* _Assignment_
Your output should be exactly the lines from the one containing "Tapis de sol E65 (EVA, noir) photo 2" through the final line of the records, both included, with every picture left out.

* _Excerpted records_
- - - - - - -
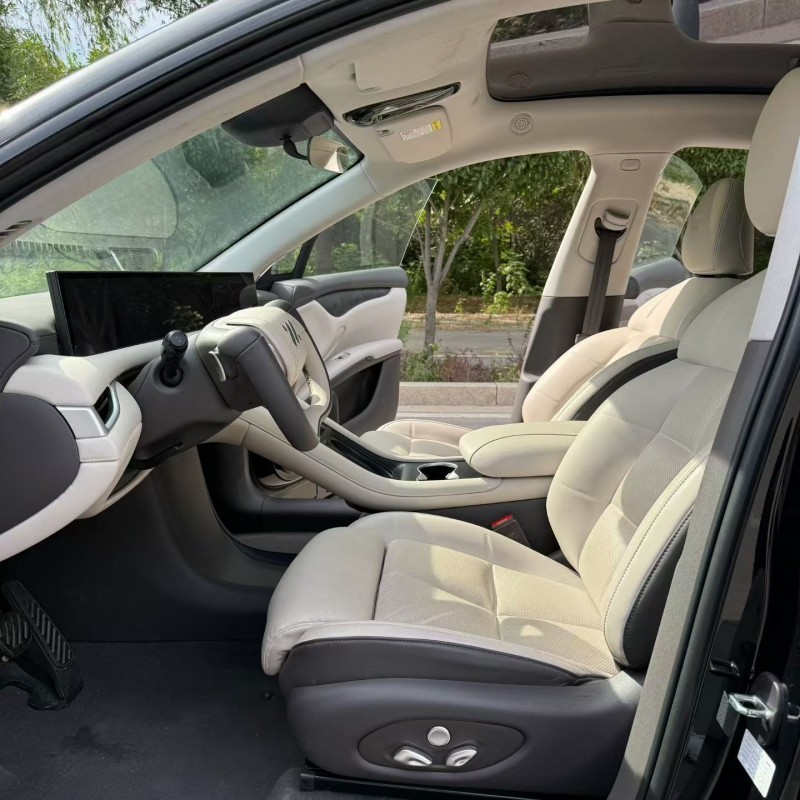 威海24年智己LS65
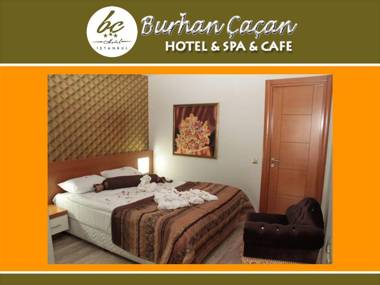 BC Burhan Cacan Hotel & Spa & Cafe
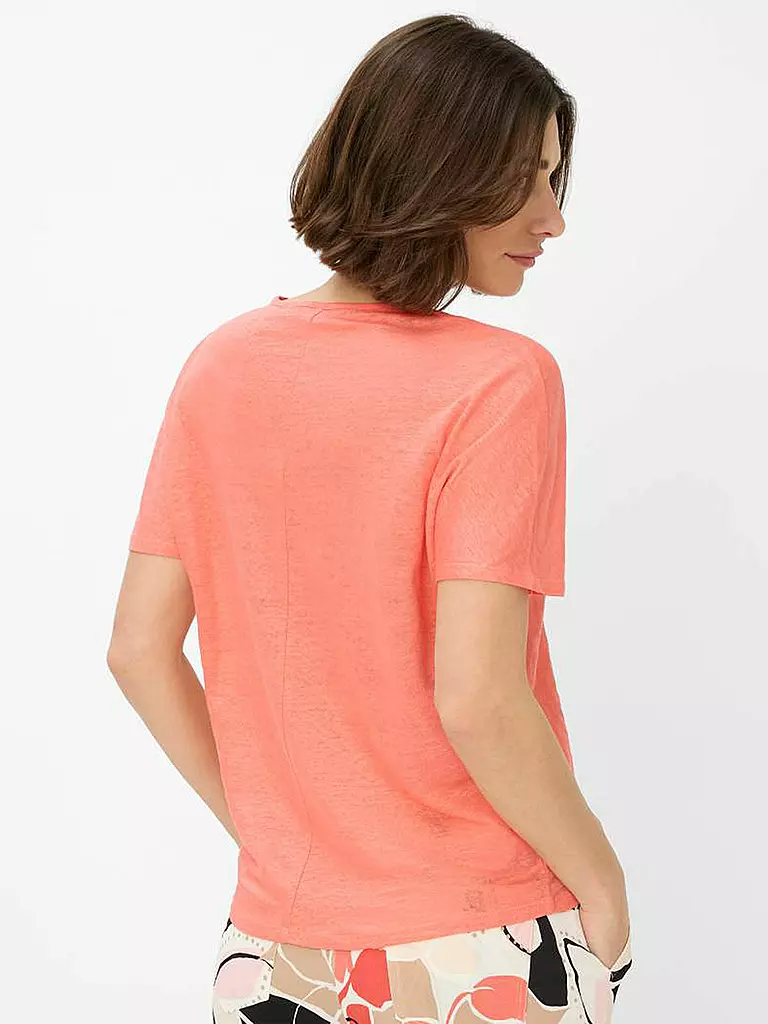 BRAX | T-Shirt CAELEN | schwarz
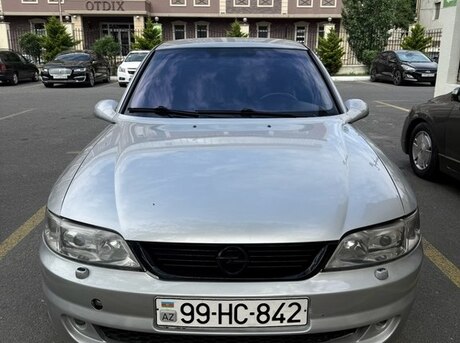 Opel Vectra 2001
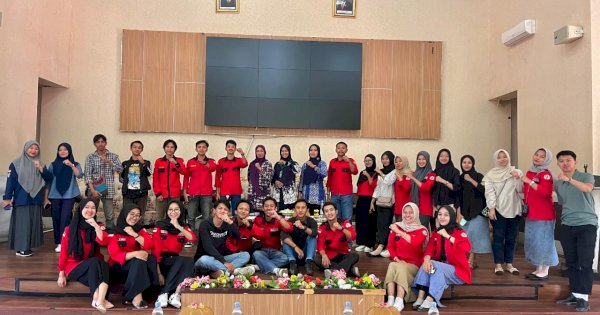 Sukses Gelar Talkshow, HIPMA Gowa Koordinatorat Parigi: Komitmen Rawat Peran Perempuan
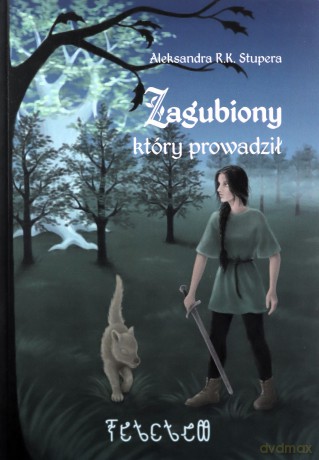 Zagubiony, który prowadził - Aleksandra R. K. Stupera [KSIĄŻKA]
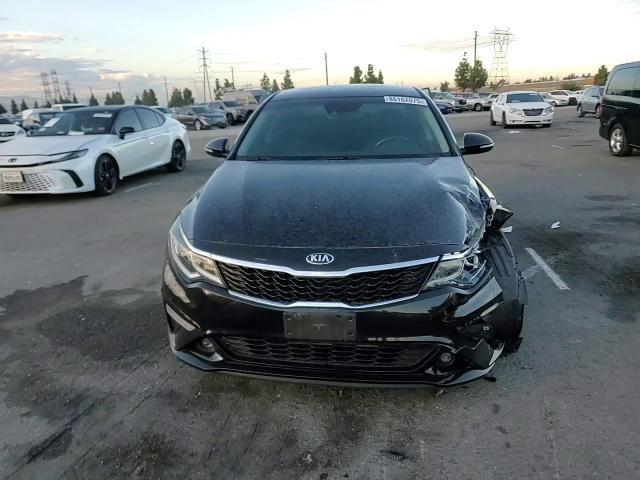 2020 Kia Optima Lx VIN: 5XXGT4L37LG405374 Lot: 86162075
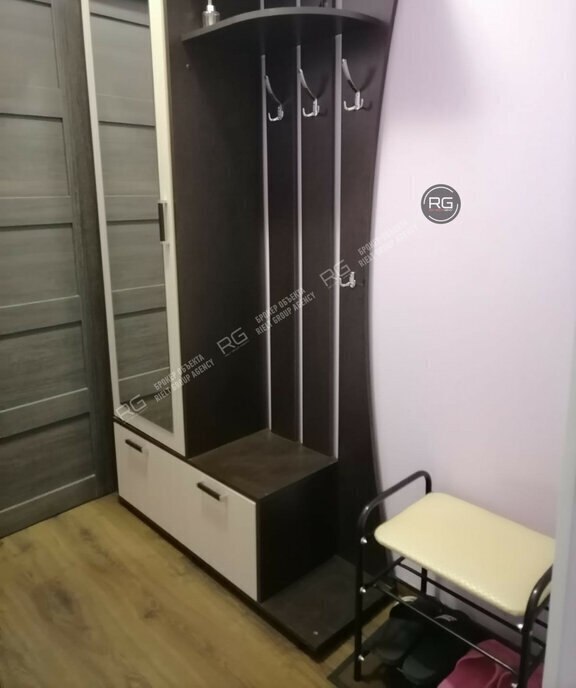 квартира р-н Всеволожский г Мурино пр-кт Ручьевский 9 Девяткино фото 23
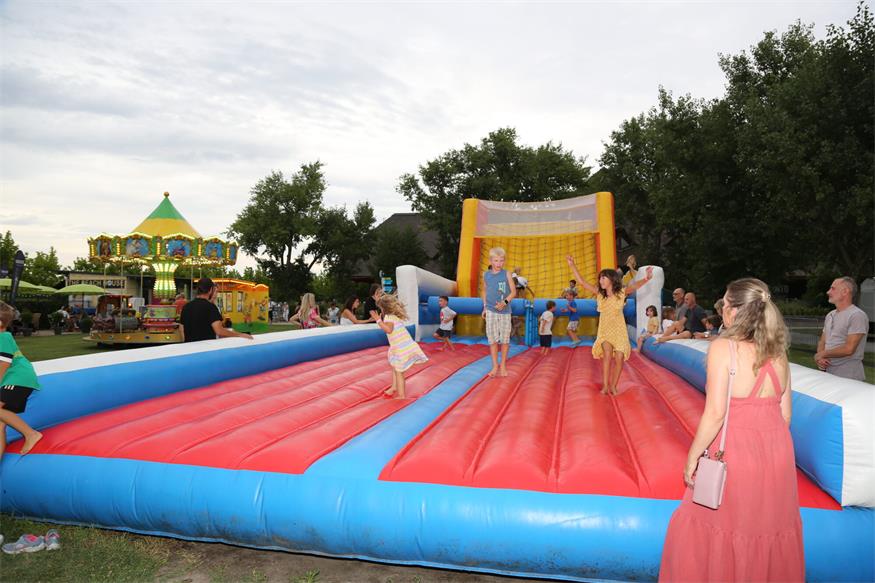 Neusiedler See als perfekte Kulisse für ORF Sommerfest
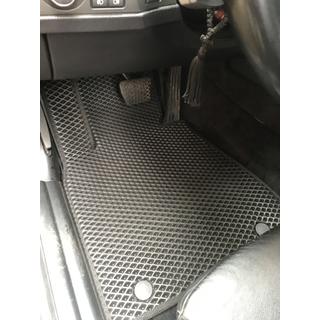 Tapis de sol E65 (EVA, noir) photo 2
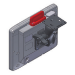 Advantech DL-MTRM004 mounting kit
- - - - - - -
* _Result_
 Tapis de sol E65 (EVA, noir) photo 2
 Advantech DL-MTRM004 mounting kit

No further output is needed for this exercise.